Among them, drain-source on-resistance Rds(on), reverse recovery time trr, input capacitance Ciss and total gate charge Qg need to be carefully considered. Low on-resistance helps reduce conduction loss, especially for MOS tubes related to "energy recovery circuit". Low on-resistance helps improve energy recovery efficiency and reduce PDP power consumption. trr, Ciss, and Qg affect the switching speed of MOSFET. Low parameter values ​​can speed up the conversion process of MOSFET and help reduce the switching loss of MOSFET. In addition, low Ciss and Qg parameters can reduce the driving power of MOSFET gate and simplify the design of gate drive circuit.

The gate drive circuit is an external factor that affects the switching loss of the MOS tube.

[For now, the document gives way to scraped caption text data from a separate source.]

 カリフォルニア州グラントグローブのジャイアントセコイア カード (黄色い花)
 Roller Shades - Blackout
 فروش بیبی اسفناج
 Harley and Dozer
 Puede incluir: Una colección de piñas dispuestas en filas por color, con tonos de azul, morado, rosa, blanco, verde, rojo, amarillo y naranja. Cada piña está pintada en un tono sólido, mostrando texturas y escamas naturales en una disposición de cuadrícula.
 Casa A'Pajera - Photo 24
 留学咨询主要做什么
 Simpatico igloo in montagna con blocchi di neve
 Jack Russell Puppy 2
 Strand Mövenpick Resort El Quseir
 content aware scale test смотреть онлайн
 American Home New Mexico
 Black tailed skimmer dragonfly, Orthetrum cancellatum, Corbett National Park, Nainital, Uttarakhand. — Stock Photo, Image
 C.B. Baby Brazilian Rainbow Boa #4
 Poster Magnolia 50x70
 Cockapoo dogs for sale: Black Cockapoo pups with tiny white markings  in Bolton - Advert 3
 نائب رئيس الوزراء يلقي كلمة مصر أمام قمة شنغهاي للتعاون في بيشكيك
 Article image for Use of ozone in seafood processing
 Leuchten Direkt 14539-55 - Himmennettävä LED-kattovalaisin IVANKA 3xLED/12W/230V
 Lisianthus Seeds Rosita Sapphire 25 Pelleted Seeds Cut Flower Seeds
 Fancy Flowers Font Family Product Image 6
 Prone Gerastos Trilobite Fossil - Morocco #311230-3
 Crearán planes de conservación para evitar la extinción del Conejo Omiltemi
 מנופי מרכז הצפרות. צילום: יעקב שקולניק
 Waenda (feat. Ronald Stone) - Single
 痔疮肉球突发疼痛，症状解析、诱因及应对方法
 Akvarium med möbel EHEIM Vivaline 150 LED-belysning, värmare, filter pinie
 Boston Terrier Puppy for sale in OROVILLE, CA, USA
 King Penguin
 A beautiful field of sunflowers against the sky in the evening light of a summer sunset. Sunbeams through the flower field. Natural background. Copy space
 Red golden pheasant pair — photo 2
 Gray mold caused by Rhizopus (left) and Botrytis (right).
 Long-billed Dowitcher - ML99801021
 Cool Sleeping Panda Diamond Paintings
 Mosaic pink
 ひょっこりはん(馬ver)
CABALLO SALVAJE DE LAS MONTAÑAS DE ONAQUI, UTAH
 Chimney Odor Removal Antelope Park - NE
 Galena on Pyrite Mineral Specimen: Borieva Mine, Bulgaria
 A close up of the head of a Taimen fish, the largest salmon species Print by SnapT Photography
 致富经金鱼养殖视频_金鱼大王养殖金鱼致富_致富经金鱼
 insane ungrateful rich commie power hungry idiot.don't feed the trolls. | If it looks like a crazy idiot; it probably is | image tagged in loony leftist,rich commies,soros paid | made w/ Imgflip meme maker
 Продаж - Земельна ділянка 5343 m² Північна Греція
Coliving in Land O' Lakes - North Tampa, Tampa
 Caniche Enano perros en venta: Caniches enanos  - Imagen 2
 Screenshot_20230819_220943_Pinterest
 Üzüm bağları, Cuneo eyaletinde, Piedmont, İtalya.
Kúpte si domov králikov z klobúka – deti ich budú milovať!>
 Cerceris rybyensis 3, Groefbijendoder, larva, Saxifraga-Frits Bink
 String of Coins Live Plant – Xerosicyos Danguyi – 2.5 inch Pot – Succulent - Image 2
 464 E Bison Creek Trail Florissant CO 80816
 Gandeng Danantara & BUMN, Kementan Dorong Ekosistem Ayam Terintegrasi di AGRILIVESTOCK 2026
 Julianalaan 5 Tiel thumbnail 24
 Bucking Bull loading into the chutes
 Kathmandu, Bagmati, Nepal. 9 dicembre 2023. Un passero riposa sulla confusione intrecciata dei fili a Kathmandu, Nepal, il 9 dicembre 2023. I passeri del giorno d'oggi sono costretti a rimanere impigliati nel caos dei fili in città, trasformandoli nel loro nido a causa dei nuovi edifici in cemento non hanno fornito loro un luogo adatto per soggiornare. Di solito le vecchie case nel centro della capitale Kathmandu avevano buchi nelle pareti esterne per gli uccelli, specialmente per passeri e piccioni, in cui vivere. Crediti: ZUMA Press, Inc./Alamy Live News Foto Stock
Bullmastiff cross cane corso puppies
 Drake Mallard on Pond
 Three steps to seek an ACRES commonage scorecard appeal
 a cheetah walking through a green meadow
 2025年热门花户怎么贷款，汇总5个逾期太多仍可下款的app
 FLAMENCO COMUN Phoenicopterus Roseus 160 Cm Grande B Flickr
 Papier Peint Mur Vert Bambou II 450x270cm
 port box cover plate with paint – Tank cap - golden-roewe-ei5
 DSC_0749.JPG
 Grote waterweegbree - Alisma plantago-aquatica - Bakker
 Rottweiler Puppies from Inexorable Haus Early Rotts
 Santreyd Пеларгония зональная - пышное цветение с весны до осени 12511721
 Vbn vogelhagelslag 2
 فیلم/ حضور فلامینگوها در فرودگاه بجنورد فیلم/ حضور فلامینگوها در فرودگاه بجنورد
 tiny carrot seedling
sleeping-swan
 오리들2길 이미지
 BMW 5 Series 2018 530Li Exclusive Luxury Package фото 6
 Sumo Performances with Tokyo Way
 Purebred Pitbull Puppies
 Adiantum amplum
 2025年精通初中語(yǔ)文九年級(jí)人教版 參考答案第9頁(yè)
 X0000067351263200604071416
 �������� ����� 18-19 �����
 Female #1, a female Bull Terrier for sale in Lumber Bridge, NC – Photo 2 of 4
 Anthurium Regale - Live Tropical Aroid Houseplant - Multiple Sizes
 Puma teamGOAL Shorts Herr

Only when an excellent gate drive circuit is combined with a high-performance MOSFET can a high-performance PDP drive circuit be produced.

4 Phosphor Materials

The phosphors used in PDP are very similar to those used in fluorescent lamps. The main phosphors used in PDP are Y2O3∶Eu red powder, (Gd,Y)BO3∶Eu red powder, Zn2SiO4∶Mn and BaAl12O19∶Mn green powder, and BaMgAl14O23∶Eu and MgBaAl10O17∶Eu blue powder. The decay time of (Gd,Y)BO3∶Eu powder and BaAl12O19∶Mn powder is relatively long, and the decay time of Zn2SiO4∶Mn is even longer for practical applications, so new luminescent materials need to be researched and developed. Phosphor materials directly affect the luminous efficiency and life of PDP TVs. Usually, the life index of plasma TVs refers to the time when the brightness drops to half. At present, a new generation of long-life, high-brightness PDP-specific phosphors have been commercialized.

5 Electrode structure

Increasing the electrode gap to improve the brightness and luminous efficiency of PDP is a very effective measure, but as the electrode gap increases, the required operating voltage will increase accordingly. To solve this problem, a floating electrode F can be added between the sustain and scan electrodes (X electrodes and Y electrodes). The floating electrode does not apply a voltage signal during the unit operation, but a certain induced potential will be generated on it during a single sustain voltage pulse. Since the distance between the F electrode and the X and Y electrodes on both sides is very small, discharge is likely to occur first at these two gaps. Under their guiding effect, a long gap discharge is caused between X and Y, thereby reducing the sustain voltage required for PDP.

6 Others

Including the logic control part, main core board, etc., all need to fully consider the issue of reducing useless power consumption. For example, you can use a gated clock in the logic control part to shut down all internal register operations in the standby state, so as to achieve the purpose of eliminating useless power consumption.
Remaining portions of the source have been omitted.